[EXERCISE INPUT]

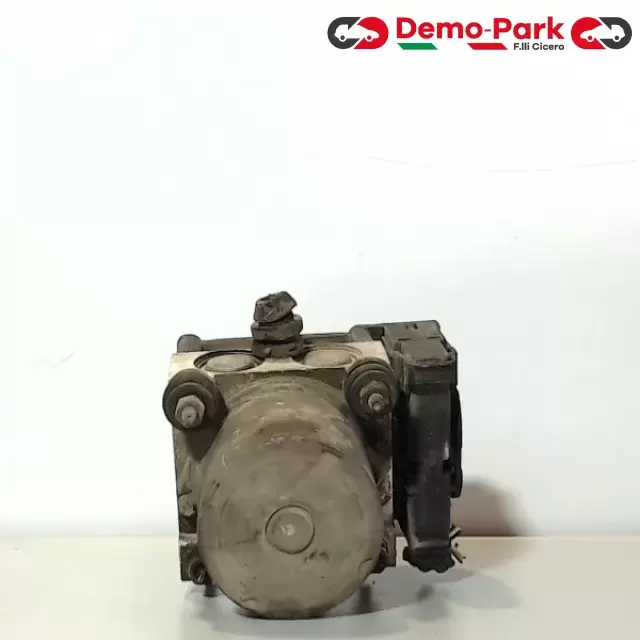 GRUPPO ABS FIAT - LANCIA Fiat IDEA I SERIE 0 265 231 308  46826209 3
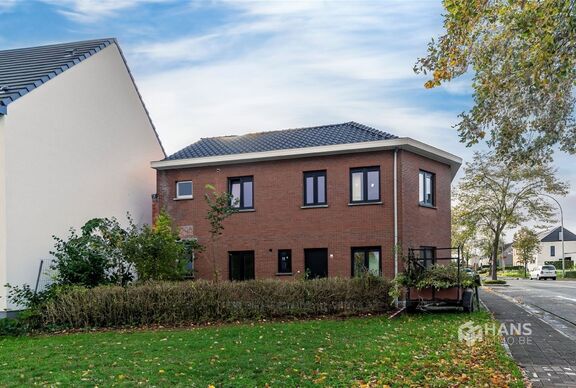 Woning te koop in BORNEM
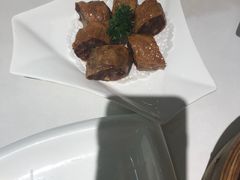 -潮福城大酒楼·潮味粤品·港式点心(湖滨北路店)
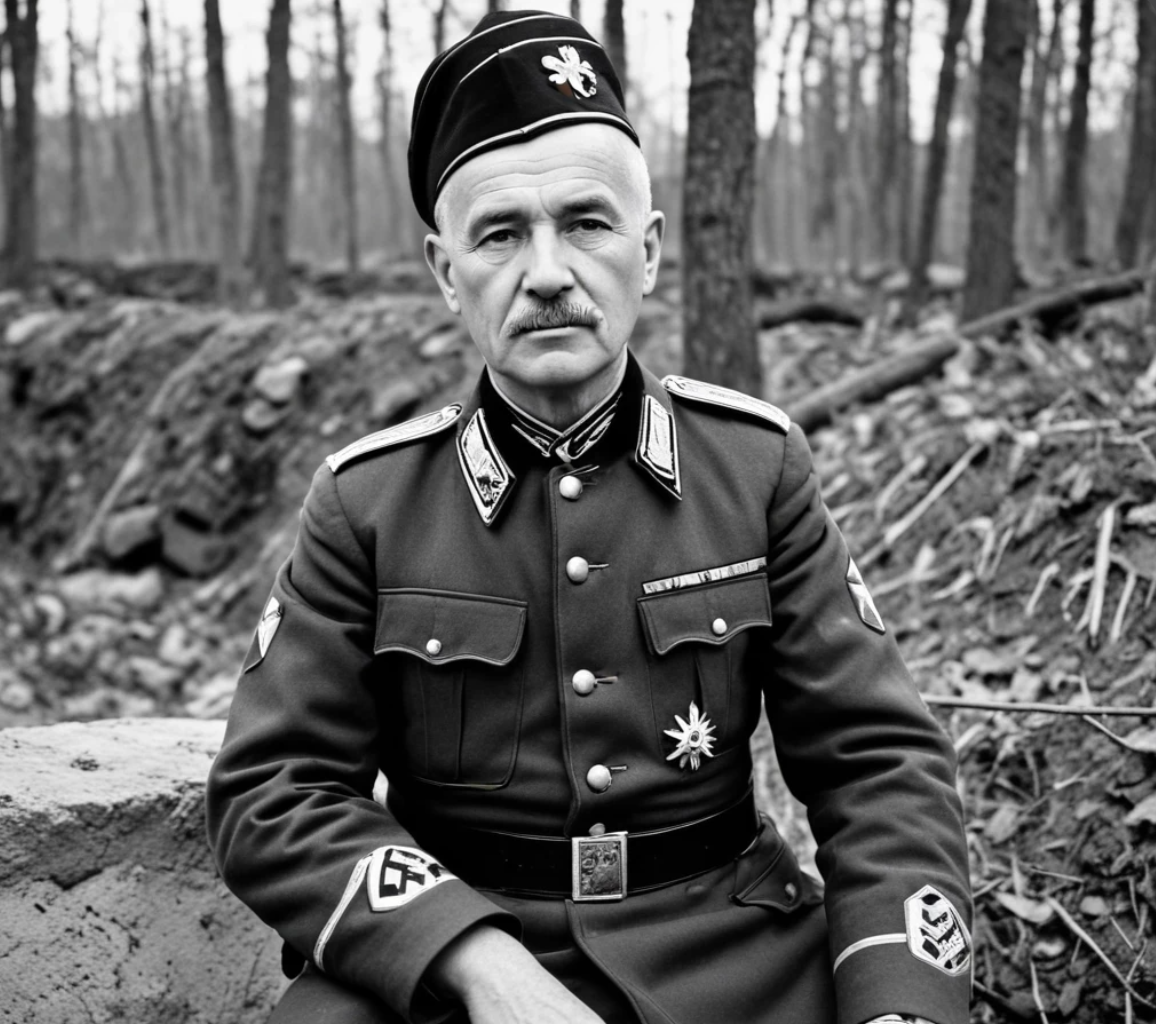 Фото придумал ИИ по описанию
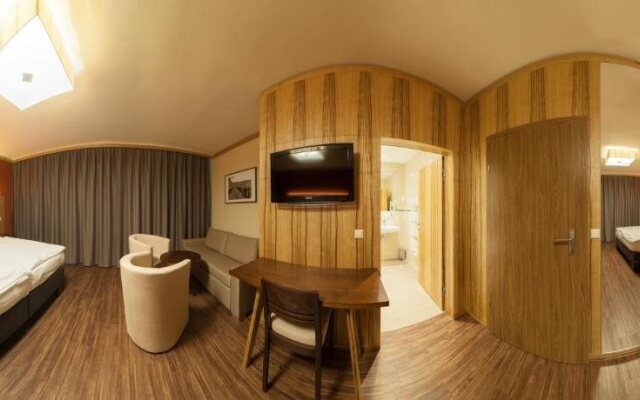 Hotel-Restaurant Schweinberger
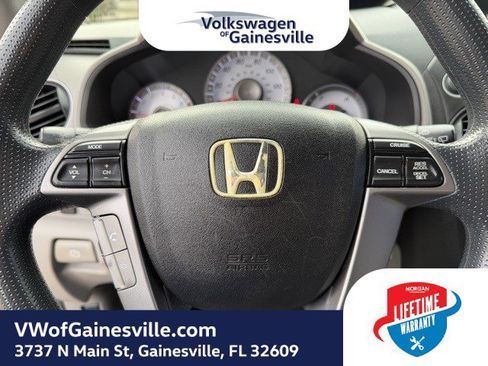 Used 2013 Honda Pilot EX image 24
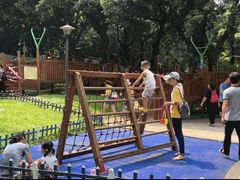 -天河儿童公园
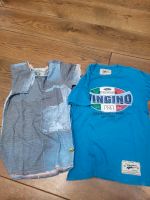 Vingino T-Shirts in Gr. 10, 140 Nordrhein-Westfalen - Baesweiler Vorschau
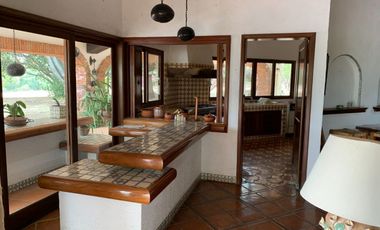Rancho en venta en Xochitlán Morelos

[/EXERCISE INPUT]

## REQUIRED ACTION
With the pictures excluded, restate word for word each line from the one that contains "Hotel-Restaurant Schweinberger" through the last line of the listing above.

## RESPONSE BELOW
 Hotel-Restaurant Schweinberger
 Used 2013 Honda Pilot EX image 24
 -天河儿童公园
 Vingino T-Shirts in Gr. 10, 140 Nordrhein-Westfalen - Baesweiler Vorschau
Rancho en venta en Xochitlán Morelos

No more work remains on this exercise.